Regarding other factors that influence outcome as posed by research question 4, the data show that increasing gestational age at the time of diet initiation is associated with elevated blood Phe, which is the dominant reason for poor outcome (Figs 5 and 7). Blood tyrosine levels before and during pregnancy were not related to outcome. Phe control was primarily affected by the late initiation of treatment but also by low maternal intelligence. Decreased protein, fat, vitamin, and energy intake also contributed to less-than-optimal outcome.10,13–15 Trace metal deficiencies were not encountered, because of nutritional guidance.

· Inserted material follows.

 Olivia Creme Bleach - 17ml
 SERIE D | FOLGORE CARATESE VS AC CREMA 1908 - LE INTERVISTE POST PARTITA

The fifth research question relating to the importance of initiating diet before pregnancy with good control can be answered affirmatively. Data support early treatment before and up to 10 weeks of pregnancy. The data strongly suggest that the infant who is born to a well-controlled woman who is treated before pregnancy is comparable to that of a mother who gains control by 10 weeks of pregnancy. To our surprise, the data in Fig 5 also show that offspring IQ scores at 6 to 7 years of age were better than expected in pregnancies that were not in control until 10 to 20 weeks of gestation. The mean IQ was 93 on the WISC-R in this group. This may be related to the fact that some of these women were ingesting a Phe-restricted diet before 10 weeks of pregnancy but had an occasional elevation of blood Phe above 600 μmol/L thereafter. Our definition for the classification of 10 to 20 weeks in control was that all levels after 10 weeks met this criterion. In reconsidering these data, 19 women with only 1 Phe level >600 μmol/L were reclassified for inclusion in the group that was in control between 0 and 10 weeks. Even so, the data still show very similar results, with a mean IQ of 93 at age 6 to 7 years.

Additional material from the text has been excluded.